Show the value of the inserted document in the three columns Since, HANA’s dbapi driver outputs the vector columns in Buffer objects by default, we will create a helper function to convert the function into a list of numbers.

// Helper function to parse fvecs format for REAL_VECTOR
function parseFvecs(b: ArrayBuffer): number[] {
    const v = new DataView(b)
    const d = v.getUint32(0, true)
    return Array.from({ length: d }, (_, i) => v.getFloat32(4 + i * 4, true))
}

const resultVal = await new Promise<any[]>((resolve, reject) => {
  client.exec(
    `SELECT * FROM LANGCHAIN_DEMO_NEW_TABLE LIMIT 1`,
    (err: Error, rows: any) => {
      if (err) {
        reject(err);
      } else {
        resolve(rows);
      }
    }
  );
});
rowVal.forEach((r) => {
  console.log(`VEC_TEXT: ${r.VEC_TEXT}`); // The text
  console.log(`VEC_META: ${r.VEC_META}`); // The metadata
  const embedding = parseFvecs(r.VEC_VECTOR);
  console.log(`VEC_VECTOR: ${embedding.length, embedding.slice(0, 3).concat(['...']).concat(embedding.slice(-3))}`); // The vector
});

VEC_TEXT: A simple document
VEC_META: {"start": 100, "end": 150, "docName": "simple.txt"}
VEC_VECTOR: 768 [-0.01989901065826416, 0.02785174734890461, 0.0020877711940556765, '...', 0.0183248370885849, 0.009469633921980858, 0.04312701150774956]

Custom tables must have at least three columns that match the semantics of a standard table

A column with type NCLOB or NVARCHAR for the text/context of the embeddings
A column with type NCLOB or NVARCHAR for the metadata
A column with type REAL_VECTOR or HALF_VECTOR for the embedding vector

The table can contain additional columns. When new Documents are inserted into the table, these additional columns must allow NULL values.

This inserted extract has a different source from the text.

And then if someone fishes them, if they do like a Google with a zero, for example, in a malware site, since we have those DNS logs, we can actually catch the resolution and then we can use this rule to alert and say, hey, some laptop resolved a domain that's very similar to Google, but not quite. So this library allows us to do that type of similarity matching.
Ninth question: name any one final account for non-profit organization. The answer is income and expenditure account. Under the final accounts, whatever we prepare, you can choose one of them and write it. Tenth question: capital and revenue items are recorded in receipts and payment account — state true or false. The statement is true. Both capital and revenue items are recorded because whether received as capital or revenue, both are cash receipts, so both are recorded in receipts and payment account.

// Create a new table "MY_OWN_TABLE_ADD" with three "standard" columns and one additional column
const myOwnTableName = "MY_OWN_TABLE_ADD";
await new Promise<void>((resolve, reject) => {
  client.exec(
    `CREATE TABLE MY_OWN_TABLE_ADD (
      SOME_OTHER_COLUMN NVARCHAR(42),
      MY_TEXT NVARCHAR(2048),
      MY_METADATA NVARCHAR(1024),
      MY_VECTOR REAL_VECTOR,
    )`,
    (err: Error) => {
      if (err) {
        reject(err);
      } else {
        resolve();
      }
    }
  );
});

// Create a HanaDB instance with the own table
const dbOwnTableArgs: HanaDBArgs = {
  connection: client,
  tableName: myOwnTableName,
  textColumnName: "MY_TEXT",
  metadataColumnName: "MY_METADATA",
  vectorColumnName: "MY_VECTOR",
};
const dbOwnTable = new HanaDB(embeddings, dbOwnTableArgs);
await dbOwnTable.initialize();

// Add a simple document with some metadata
docs = [
    new Document({
        pageContent: "Some other text",
        metadata: {start: 400, end: 450, docName: "other.txt"}
    })
]
await dbOwnTable.addDocuments(docs);

//  Check if data has been inserted into our own table
const resultOwnTable = await new Promise<any[]>((resolve, reject) => {
  client.exec(
    `SELECT * FROM ${myOwnTableName} LIMIT 1`,
    (err: Error, rows: any) => {
      if (err) {
        reject(err);
      } else {
        resolve(rows);
      }
    }
  );
});
rowOwnTable.forEach((r) => {
  console.log(`SOME_OTHER_COLUMN: ${r.SOME_OTHER_COLUMN}`); // should be NULL
  console.log(`MY_TEXT: ${r.MY_TEXT}`); // The text
  console.log(`MY_METADATA: ${r.MY_METADATA}`); // The metadata
  const embedding = parseFvecs(r.MY_VECTOR);
  console.log(`MY_VECTOR: ${embedding.length, embedding.slice(0, 3).concat(['...']).concat(embedding.slice(-3))}`); // The vector
});

SOME_OTHER_COLUMN: null
MY_TEXT: Some other text
MY_METADATA: {"start":400,"end":450,"docName":"other.txt"}
MY_VECTOR: 768 [0.016170687973499298, -0.01129427831619978, -0.0005921399570070207, '...', 0.017849743366241455, 0.0003932560794055462, -0.00045805066474713385]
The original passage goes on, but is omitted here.